Gepubliceerd: 11 april 2016
Indiener(s): Bert Koenders (minister buitenlandse zaken) (PvdA)
Onderwerpen: belasting bestuur de nederlandse antillen en aruba financiƫn internationaal internationale samenwerking
Bron: https://zoek.officielebekendmakingen.nl/kst-34417-3.html
ID: 34417-(R2068)-3

Nr. 3 VOORSTEL VAN RIJKSWET

Wij Willem-Alexander, bij de gratie Gods, Koning der Nederlanden, Prins van Oranje-Nassau, enz. enz. enz.

Allen die deze zullen zien of horen lezen, saluut! doen te weten:

Alzo Wij in overweging genomen hebben, dat het op 29 oktober 2009 te Willemstad tot stand gekomen Verdrag tussen het Koninkrijk der Nederlanden, ten behoeve van de Nederlandse Antillen, en de Caymaneilanden zoals gemachtigd krachtens de volmacht van 1 september 2009 van het Verenigd Koninkrijk van Groot-Brittannië en Noord-Ierland inzake de uitwisseling van informatie betreffende belastingen, ingevolge artikel 91, eerste lid, van de Grondwet de goedkeuring van de Staten-Generaal behoeft alvorens het Koninkrijk daaraan kan worden gebonden;

Zo is het dat Wij, de Afdeling advisering van de Raad van State van het Koninkrijk gehoord, en met gemeen overleg der Staten-Generaal, de bepalingen van het Statuut voor het Koninkrijk in acht genomen zijnde, hebben goedgevonden en verstaan, gelijk Wij goed vinden en verstaan bij deze:

ARTIKEL I

Het op 29 oktober 2009 te Willemstad tot stand gekomen Verdrag tussen het Koninkrijk der Nederlanden, ten behoeve van de Nederlandse Antillen, en de Caymaneilanden zoals gemachtigd krachtens de volmacht van 1 september 2009 van het Verenigd Koninkrijk van Groot-Brittannië en Noord-Ierland inzake de uitwisseling van informatie betreffende belastingen, waarvan de Engelse tekst is geplaatst in Tractatenblad 2009, 217, en de vertaling in het Nederlands in Tractatenblad 2010, 162 wordt goedgekeurd voor het Caribische deel van Nederland, Curaçao en Sint Maarten.

ARTIKEL II

Deze Rijkswet treedt in werking met ingang van de dag na de datum van uitgifte van het Staatsblad waarin zij wordt geplaatst.

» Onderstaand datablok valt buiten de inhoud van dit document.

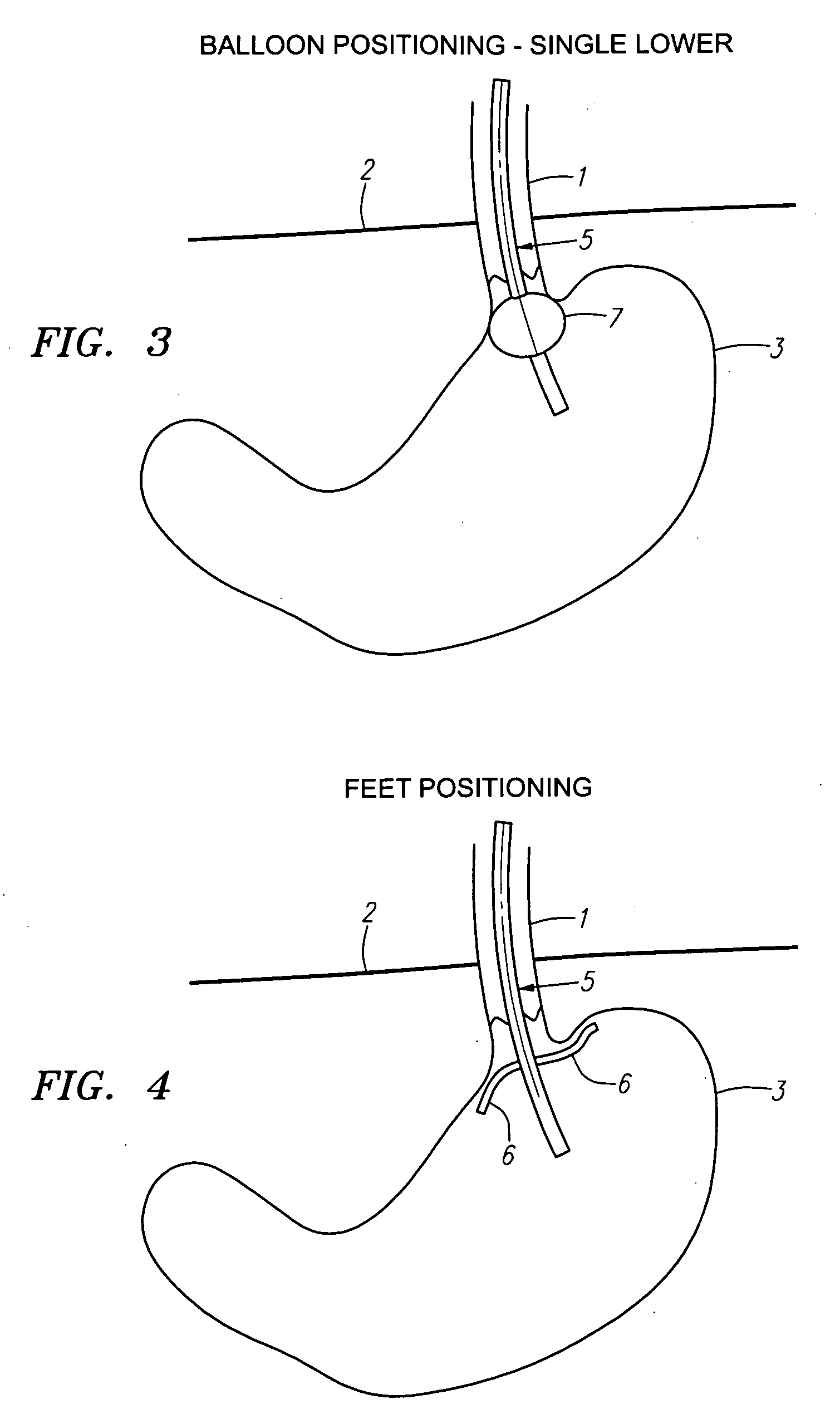 Methods and apparatus for treatment of obesity with an ultrasound device movable in two or three axes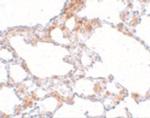 MRE11 Antibody in Immunohistochemistry (IHC)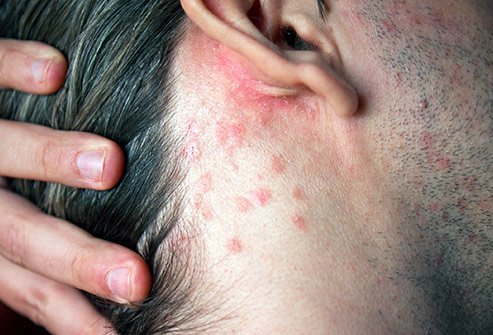 The health care provider will be able to determine which Psoriasis Treatments are appropriate.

Lasten en bevelen dat deze in het Staatsblad en in het Publicatieblad van Curaçao en in het Afkondigingsblad van Sint Maarten zal worden geplaatst en dat alle ministeries, autoriteiten, colleges en ambtenaren die zulks aangaat, aan de nauwkeurige uitvoering de hand zullen houden.